Problem details: Only a verbatim restatement of the lines from the one with "Guayaquil Ecuador Sleutelhanger (Voorkant)" through the end of the listing below is wanted. Pictures should be left out.
··· Dataset content
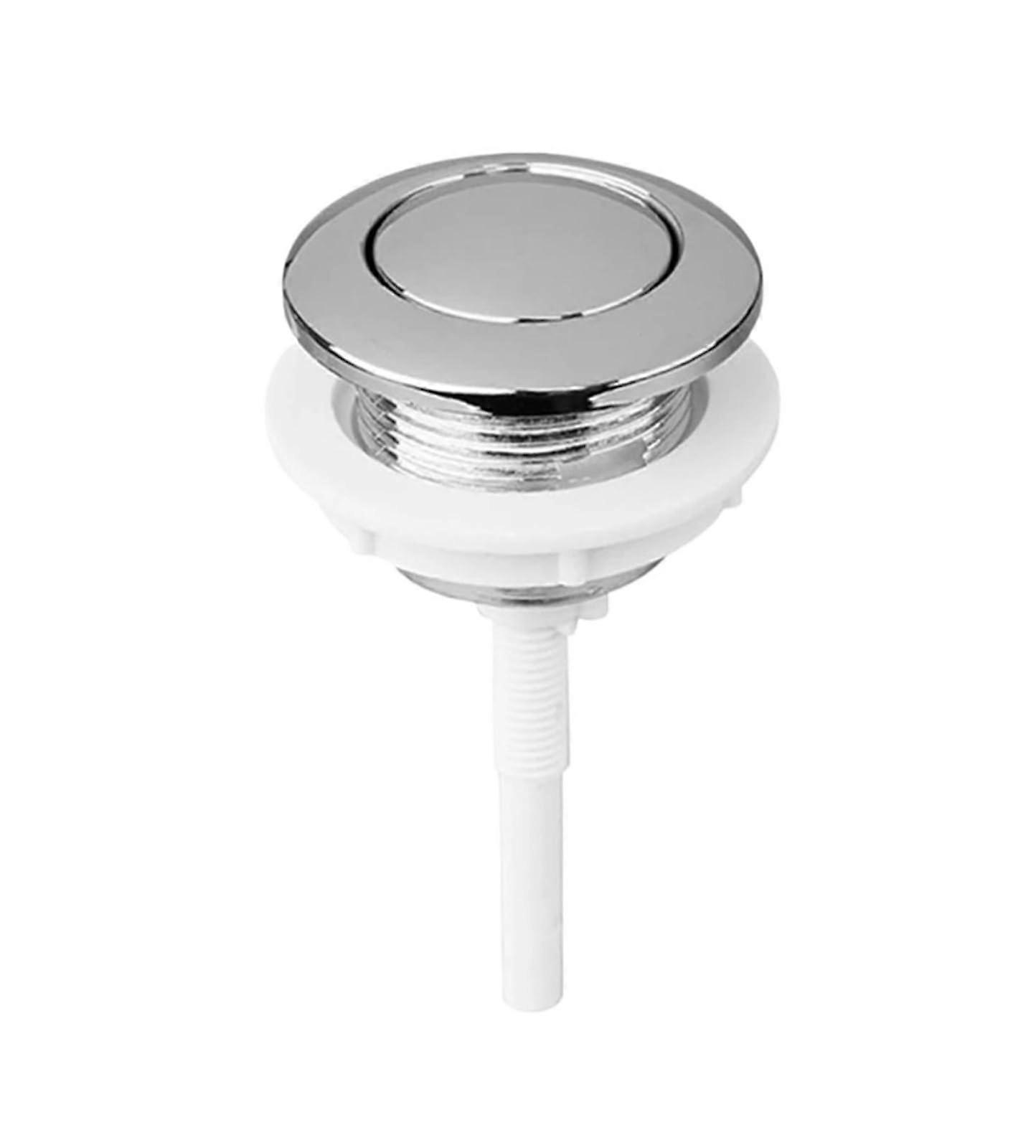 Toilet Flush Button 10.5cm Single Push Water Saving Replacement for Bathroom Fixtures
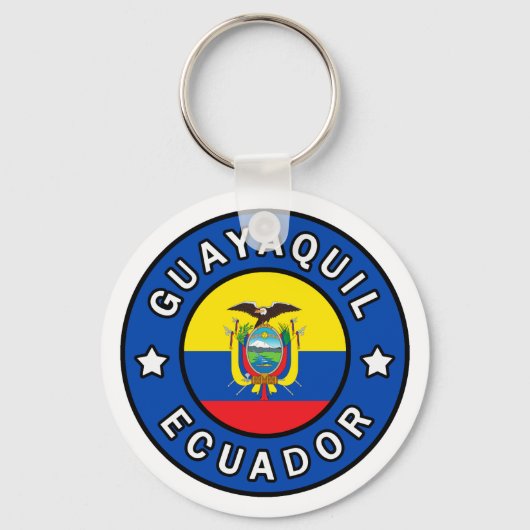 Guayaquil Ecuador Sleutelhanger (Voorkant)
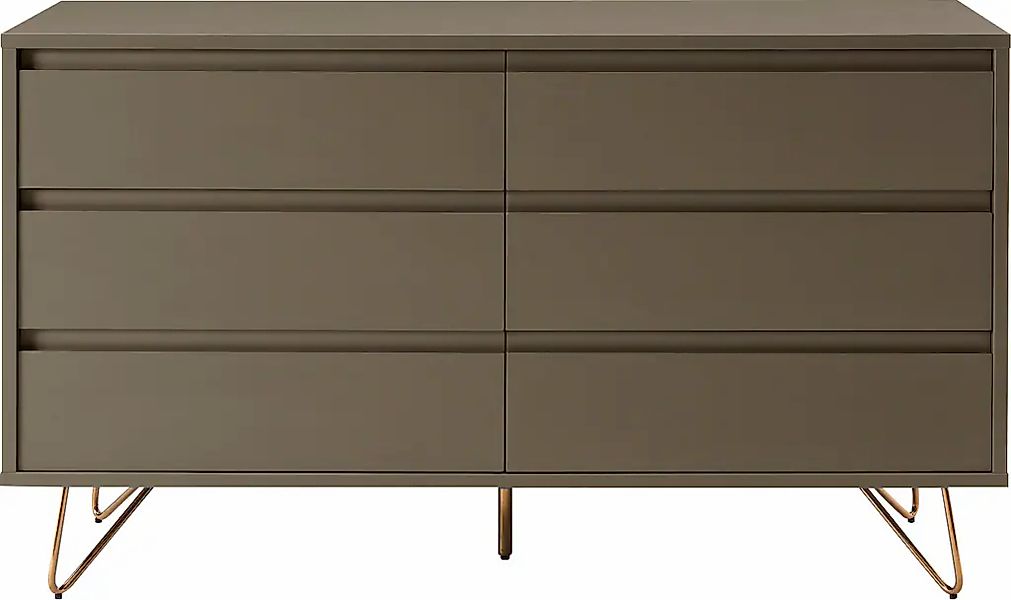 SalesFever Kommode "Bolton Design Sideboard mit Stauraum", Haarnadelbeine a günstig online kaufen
······
Result for this exercise:
 Guayaquil Ecuador Sleutelhanger (Voorkant)
 SalesFever Kommode "Bolton Design Sideboard mit Stauraum", Haarnadelbeine a günstig online kaufen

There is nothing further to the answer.